Monday, October 26, 2009

How To Approach Women In Public Without Being a Threat

Found this amazing article via @hoochimama and it made me so excited! Women of necessity must navigate the world differently than guys and the best men are the ones who are sensitive to this. As someone who is often subject to street harassment and as a feminist who's generally trying to make the world a safer place for women, I was so happy to find this article outlining for guys the mental process women are going through when they are approached by a strange man.

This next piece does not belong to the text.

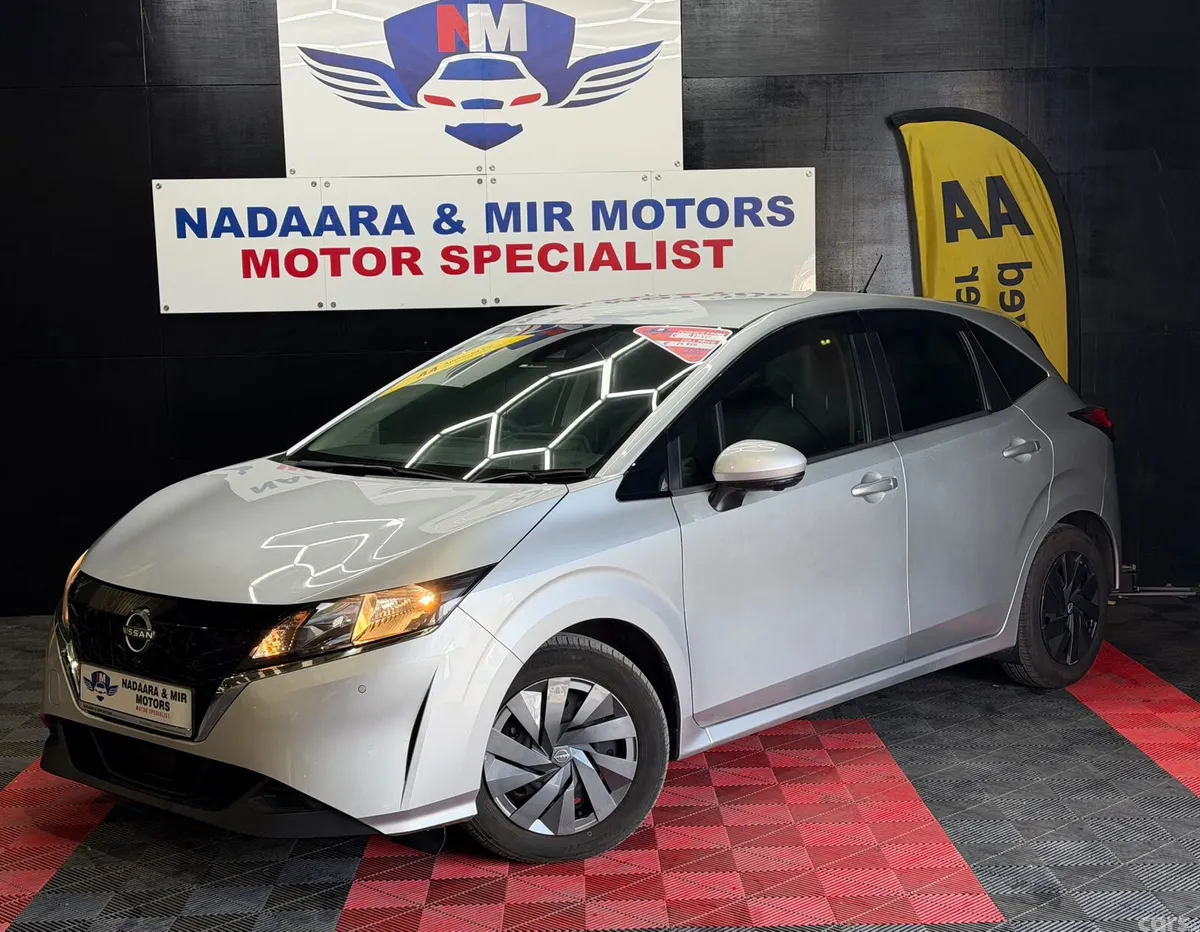 Nissan Note Hatchback, Petrol Hybrid, 2021, Silver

I know I talk about the negative side of this stuff, so I was really glad to find a proactive approach to share.

Below is the absolute best of the post, for the entire thing, visit Shapley Prose.

The first thing you need to understand is that women are dealing with a set of challenges and concerns that are strange to you, a man. To begin with, we would rather not be killed or otherwise violently assaulted.

“But wait! I don’t want that, either!”

Well, no. But do you think about it all the time? Is preventing violent assault or murder part of your daily routine, rather than merely something you do when you venture into war zones? Because, for women, it is. When I go on a date, I always leave the man’s full name and contact information written next to my computer monitor. This is so the cops can find my body if I go missing.

...

So when you, a stranger, approach me, I have to ask myself: Will this man rape me?

Do you think I’m overreacting? One in every six American women will be sexually assaulted in her lifetime. I bet you don’t think you know any rapists, but consider the sheer number of rapes that must occur... Consider: if every rapist commits an average of ten rapes (a horrifying number, isn’t it?) then the concentration of rapists in the population is still a little over one in sixty. That means four in my graduating class in high school. One among my coworkers. One in the subway car at rush hour. Eleven who work out at my gym. How do I know that you, the nice guy who wants nothing more than companionship and True Love, are not this rapist?

I don’t.

When you approach me in public, you are Schrödinger’s Rapist. You may or may not be a man who would commit rape. I won’t know for sure unless you start sexually assaulting me. I can’t see inside your head, and I don’t know your intentions. If you expect me to trust you—to accept you at face value as a nice sort of guy—you are not only failing to respect my reasonable caution, you are being cavalier about my personal safety.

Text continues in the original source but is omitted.